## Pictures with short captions
════════

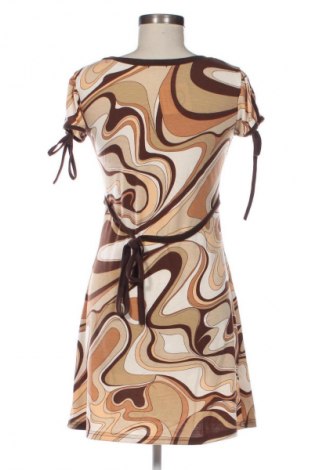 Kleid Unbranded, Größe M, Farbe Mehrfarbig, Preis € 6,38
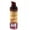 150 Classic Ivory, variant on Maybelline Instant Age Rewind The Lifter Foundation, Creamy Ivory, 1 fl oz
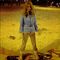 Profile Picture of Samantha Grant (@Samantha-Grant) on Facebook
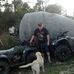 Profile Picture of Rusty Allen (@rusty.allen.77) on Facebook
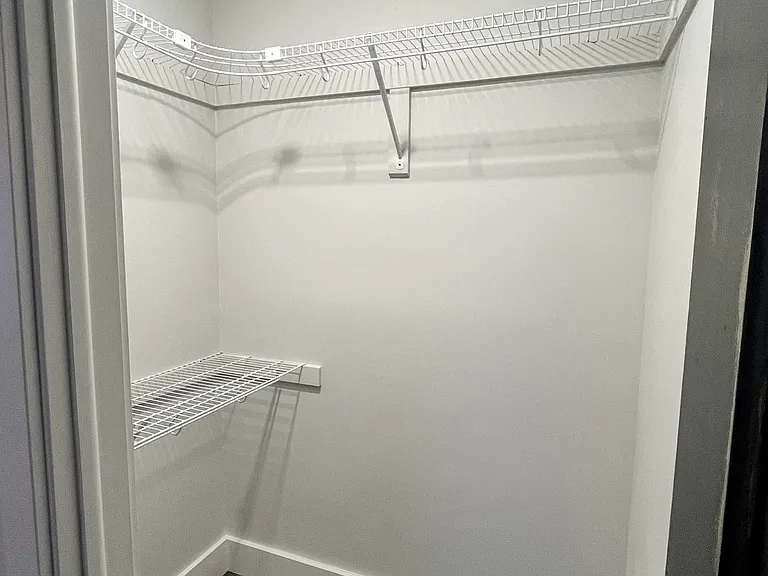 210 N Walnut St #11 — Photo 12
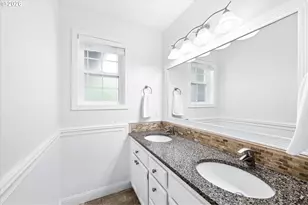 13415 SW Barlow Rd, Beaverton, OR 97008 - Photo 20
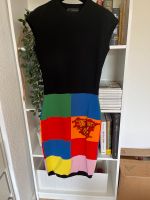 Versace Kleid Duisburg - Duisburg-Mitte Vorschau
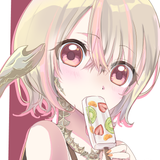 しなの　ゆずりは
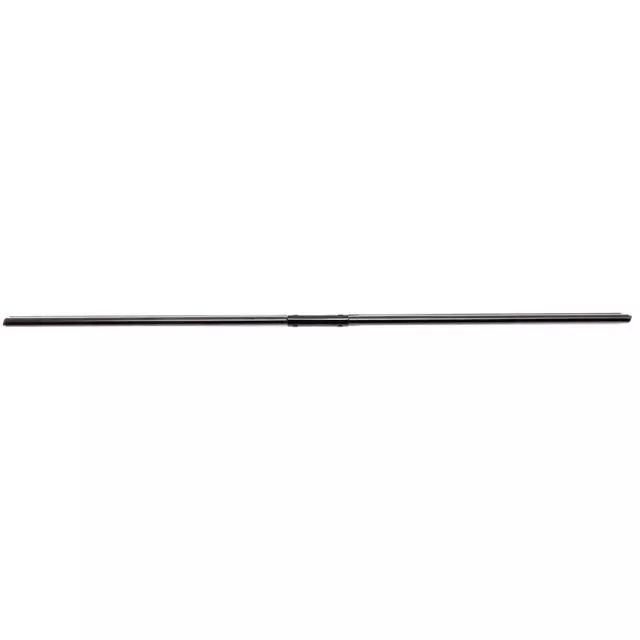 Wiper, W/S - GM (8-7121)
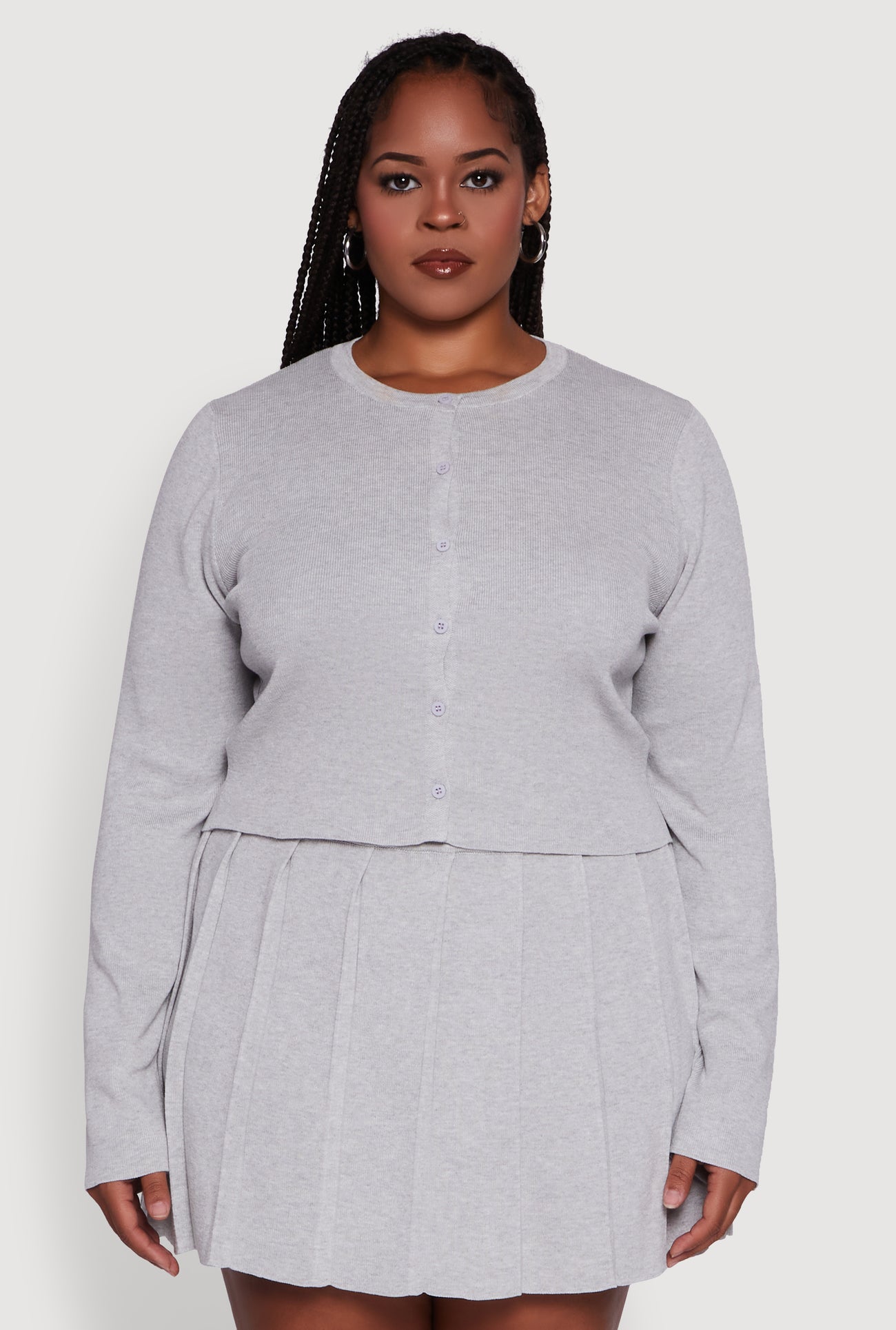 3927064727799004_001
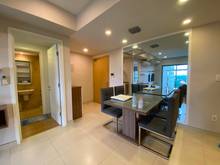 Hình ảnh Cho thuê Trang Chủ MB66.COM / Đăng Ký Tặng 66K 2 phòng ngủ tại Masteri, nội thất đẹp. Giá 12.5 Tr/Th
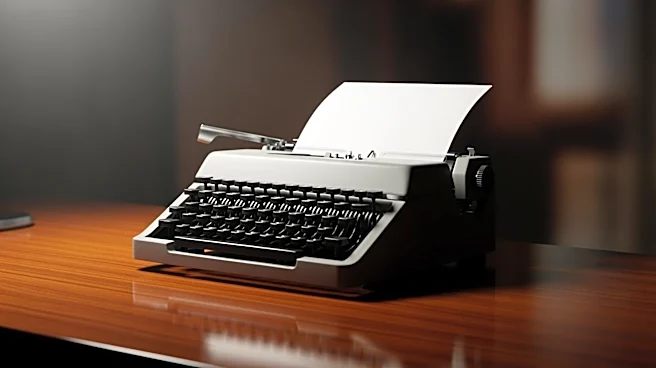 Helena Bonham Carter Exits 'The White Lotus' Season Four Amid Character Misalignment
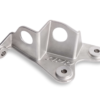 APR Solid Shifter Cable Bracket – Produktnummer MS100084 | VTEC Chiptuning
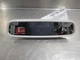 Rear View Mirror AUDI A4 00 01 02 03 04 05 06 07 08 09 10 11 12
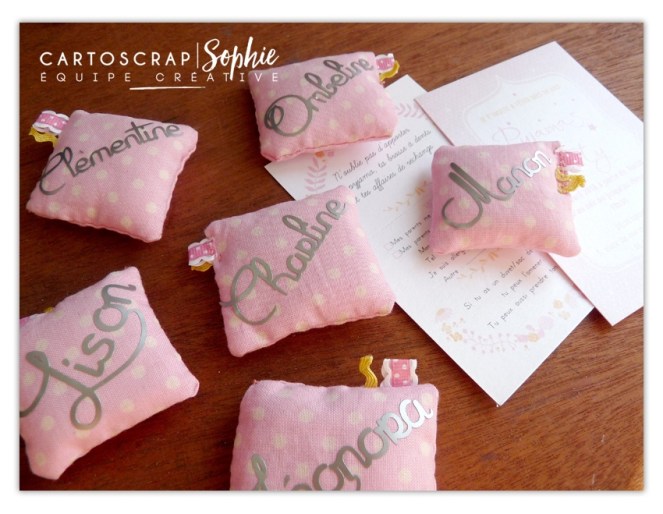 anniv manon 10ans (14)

════════

## TASK BRIEF
Please transcribe each line above exactly, but leave the images out.

## OUTPUT
 Kleid Unbranded, Größe M, Farbe Mehrfarbig, Preis € 6,38
 150 Classic Ivory, variant on Maybelline Instant Age Rewind The Lifter Foundation, Creamy Ivory, 1 fl oz
 Profile Picture of Samantha Grant (@Samantha-Grant) on Facebook
 Profile Picture of Rusty Allen (@rusty.allen.77) on Facebook
 210 N Walnut St #11 — Photo 12
 13415 SW Barlow Rd, Beaverton, OR 97008 - Photo 20
 Versace Kleid Duisburg - Duisburg-Mitte Vorschau
 しなの　ゆずりは
 Wiper, W/S - GM (8-7121)
 3927064727799004_001
 Hình ảnh Cho thuê Trang Chủ MB66.COM / Đăng Ký Tặng 66K 2 phòng ngủ tại Masteri, nội thất đẹp. Giá 12.5 Tr/Th
 Helena Bonham Carter Exits 'The White Lotus' Season Four Amid Character Misalignment
 APR Solid Shifter Cable Bracket – Produktnummer MS100084 | VTEC Chiptuning
 Rear View Mirror AUDI A4 00 01 02 03 04 05 06 07 08 09 10 11 12
 anniv manon 10ans (14)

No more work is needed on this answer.